Work task → For this exercise, copy exactly only the lines from the one containing "Master Bathroom - 14066 Glendale Ct" to the final line of the material below, without the pictures.

Data →
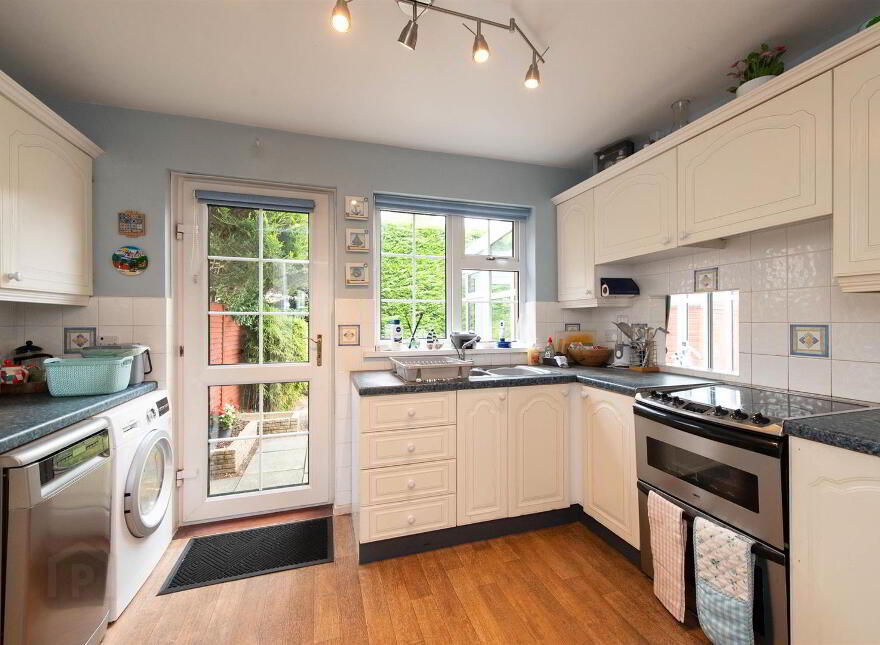 7 Winchester Grove, Carryduff, Belfast, BT8 8QF
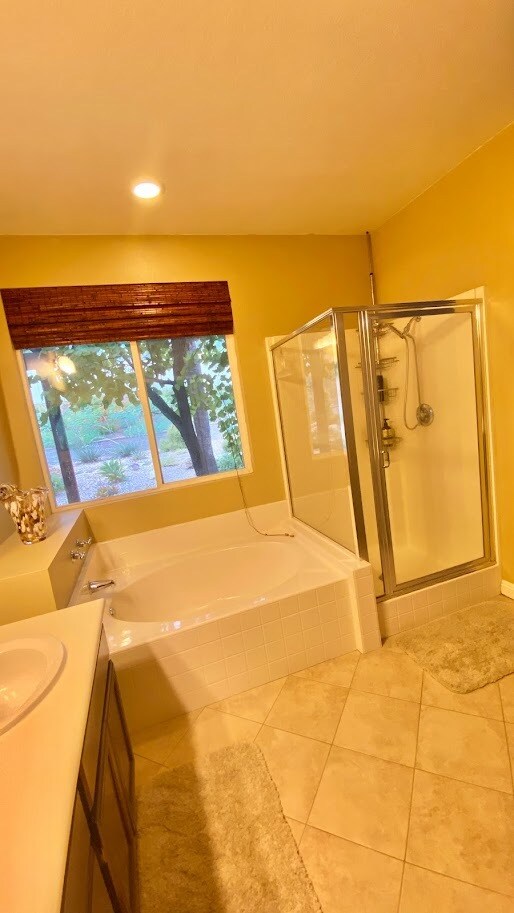 Master Bathroom - 14066 Glendale Ct
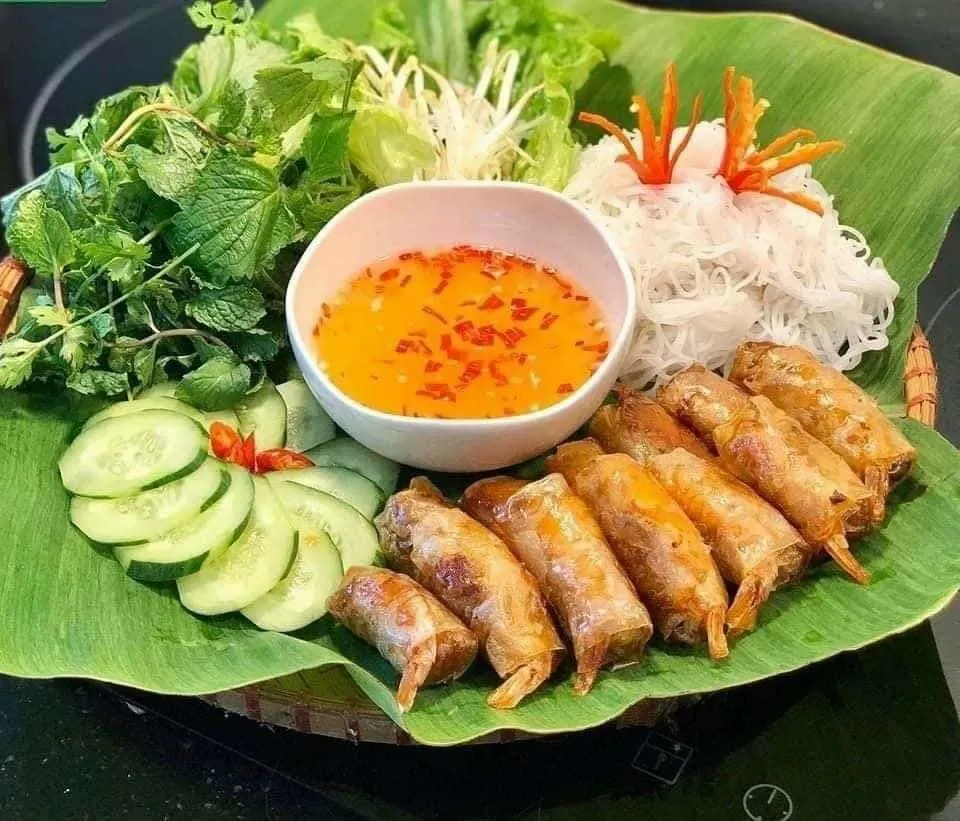 alt: Chả ram tôm đất cuốn bánh tráng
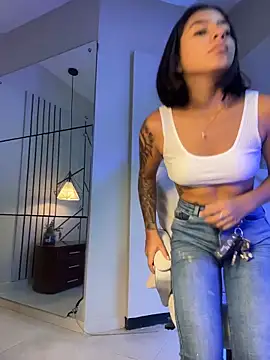 AlyssaRay online show from 5, 3, 2026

Exercise response →
 Master Bathroom - 14066 Glendale Ct
 alt: Chả ram tôm đất cuốn bánh tráng
 AlyssaRay online show from 5, 3, 2026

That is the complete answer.